Hedge funds may post their worst month in at least five years after bets on financial stocks and crude oil backfired.
Hedge Fund Research Inc.'s Global Hedge Fund Index of more than 55 funds slid 3.2 percent through July 24, heading for the biggest monthly drop since the measure started in 2003.
Wagers on a decline in financial stocks and homebuilders, one of the most popular, soured after Fannie Mae and Freddie Mac shares more than doubled in the six trading days to July 23. Bullish bets on crude oil turned to a loss as oil slid 15 percent from a record $145.29 a barrel on July 3 after doubling in a year.
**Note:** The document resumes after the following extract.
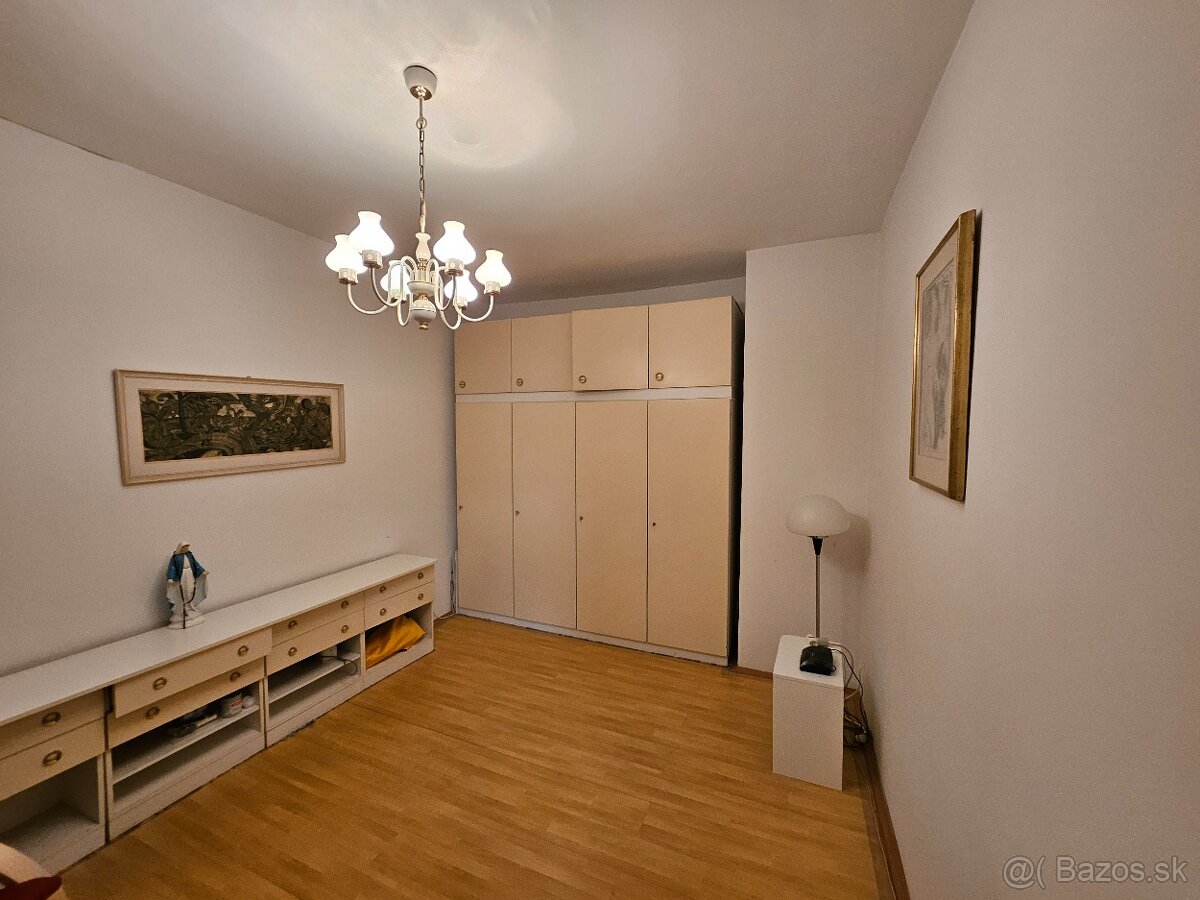 🎄Rodinný dom s podkrovím, záhradou a letným domom - Rača 🎁 - 5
``You have to believe that everyone had the same trade on,'' said Paul Meader, co-managing director of Corazon Capital Management, a Guernsey, Channel Islands-based manager with about $1.2 billion, mostly invested in hedge funds. ``There will be a lot of people hurting and licking their wounds with a tough July to report to their clients.''
Short selling of Fannie Mae and Freddie Mac jumped in the first two weeks of July as the stocks fell on concern that shareholders would be wiped out even if the government bailed out the entities. Instead, the shares doubled in six trading days, catching out investors who shorted the stock, selling borrowed shares in anticipation of buying them back at a cheaper price.